Task prompt → Skip pictures in the listing below; copy exactly the lines from the one with "Midnight Realm" through the one with "Denon HEOS AVR 5.1-Channel A/V Receiver", inclusive.

Supplied data →
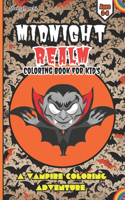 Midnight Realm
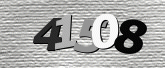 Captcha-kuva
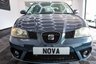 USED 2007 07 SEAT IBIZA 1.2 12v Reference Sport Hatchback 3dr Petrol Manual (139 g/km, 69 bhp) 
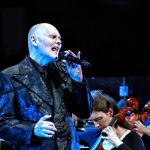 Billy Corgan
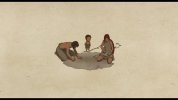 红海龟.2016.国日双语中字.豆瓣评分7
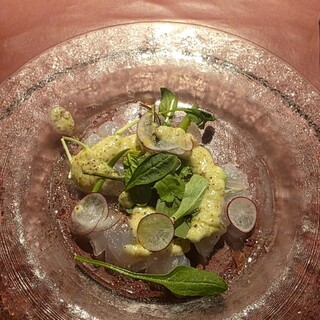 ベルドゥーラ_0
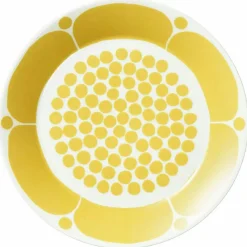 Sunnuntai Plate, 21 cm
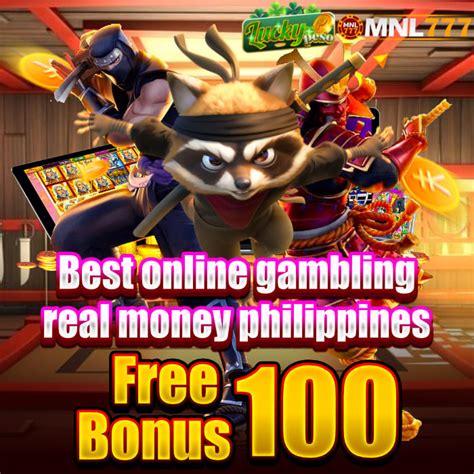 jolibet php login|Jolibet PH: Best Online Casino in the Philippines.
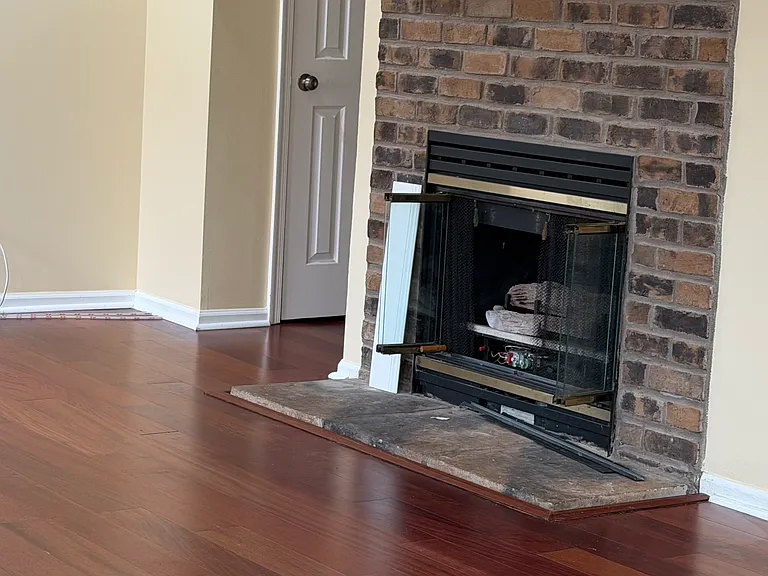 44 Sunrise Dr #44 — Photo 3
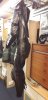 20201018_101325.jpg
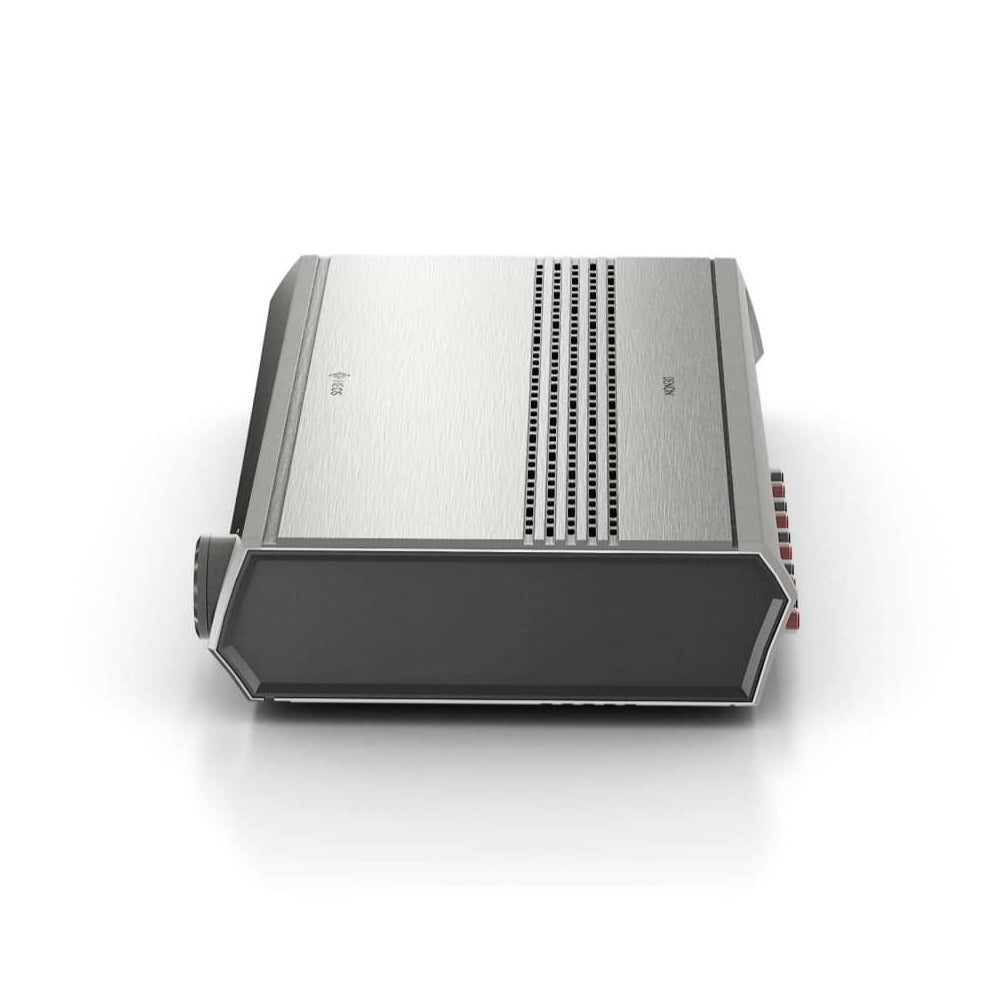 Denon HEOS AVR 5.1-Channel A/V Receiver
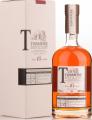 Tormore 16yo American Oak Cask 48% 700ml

==

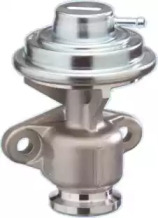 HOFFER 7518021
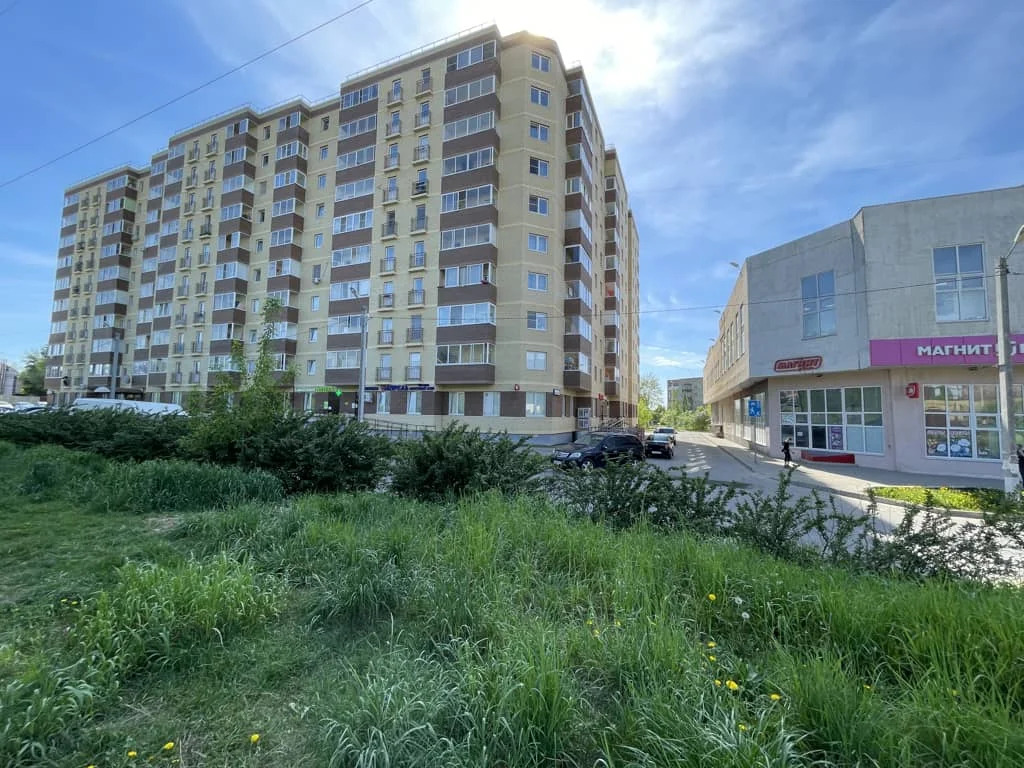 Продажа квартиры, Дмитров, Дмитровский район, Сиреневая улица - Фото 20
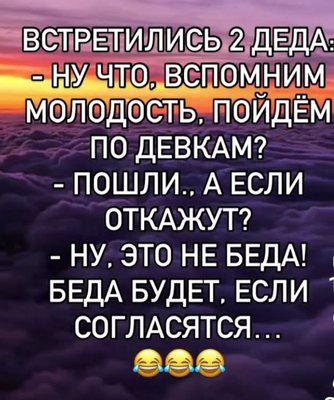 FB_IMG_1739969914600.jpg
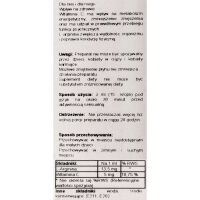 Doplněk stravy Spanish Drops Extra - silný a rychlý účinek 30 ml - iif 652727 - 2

Exercise output →
 Midnight Realm
 Captcha-kuva
 USED 2007 07 SEAT IBIZA 1.2 12v Reference Sport Hatchback 3dr Petrol Manual (139 g/km, 69 bhp) 
 Billy Corgan
 红海龟.2016.国日双语中字.豆瓣评分7
 ベルドゥーラ_0
 Sunnuntai Plate, 21 cm
 jolibet php login|Jolibet PH: Best Online Casino in the Philippines.
 44 Sunrise Dr #44 — Photo 3
 20201018_101325.jpg
 Denon HEOS AVR 5.1-Channel A/V Receiver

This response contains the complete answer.